We can then simply call it in a notebook cell like this:
def long_running_task(params, id):
# Heavy job here
return params, id
data_list = range(8)
for res in parallel_task(long_running_task, data_list, "a", 1, "b"):
print(res)
Ouput:
('a', 1, 'b') 0
('a', 1, 'b') 1
('a', 1, 'b') 2
('a', 1, 'b') 3
('a', 1, 'b') 4
('a', 1, 'b') 5
('a', 1, 'b') 6
('a', 1, 'b') 7
Note: If you're using Anaconda and if you want to see the progress of the heavy task, you can use print() inside long_running_task(). The content of the print will be displayed in the Anaconda Prompt console.
Strictly, Python multiprocessing isn't supported on Windows Jupyter Notebook even if __name__="__main__" is added.
One workaround in Windows 10 is to connect windows browser with Jupyter server in WSL.
You could get the same experience as Linux.
You can set it manually or refer the script in https://github.com/mszhanyi/gemini
Another option: use dask, which plays nicely with Jupyter. Even if you don't need any of dask special data structures, you can use it simply to control multiple processes.
To handle the many quirks of getting multiprocess to play nice in Jupyter session, I've created a library mpify which allows one-time, multiprocess function executions, and passing things from the notebook to the subprocess with a simple API.
The Jupyter shell process itself can participate as a worker process. User can choose to gather results from all workers, or just one of them.
Here it is:
https://github.com/philtrade/mpify
Under the hood, it uses multiprocess -- an actively supported fork from the standard python multiprocessing library -- to allow locally defined variables/functions in the notebook, to be accessible in the subprocesses. It also uses the spawn start method, which is necessary if the subprocesses are to use multiple GPUs, an increasingly common use case. It uses Process() not Pool(), from the multiprocess API.
User can supply a custom context manager to acquire resources, setup/tear down execution environment surrounding the function execution. I've provided a sample context manager to support PyTorch's distributed data parallel (DDP) set up, and many more examples of how to train fastai v2 in Jupyter on multiple GPUs using DDP.
Bug reports, PRs, use cases to share are all welcome.
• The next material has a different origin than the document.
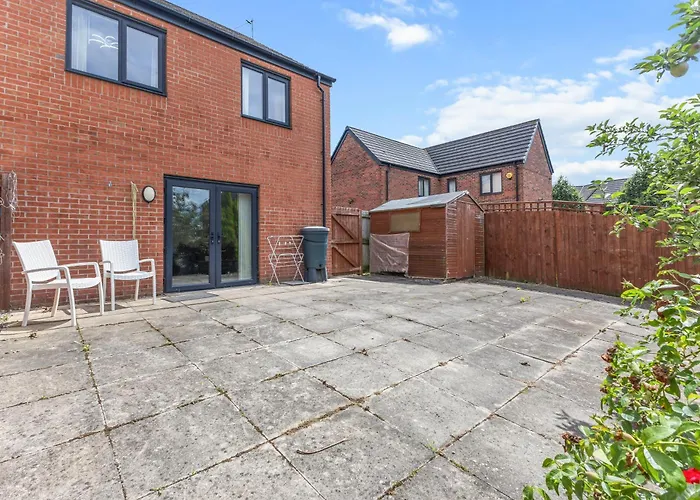 New Modern Townhouse Free Parking * Manchester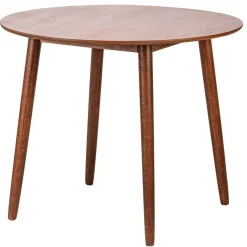 3S. x Home Table a Manger 4 personnes Ronde Bois Best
By no means a fancy/powerful library, mpify only intends to support single-host/multiprocess kind of distributed setup, and simply spawn-execute-terminate. Nor does it support persistent pool of processes and fancy task scheduling -- ipyparallel or dask already does it.
I hope it can be useful to folks who're struggling with Jupyter + multiprocessing, and possible with multi-GPUs as well. Thanks.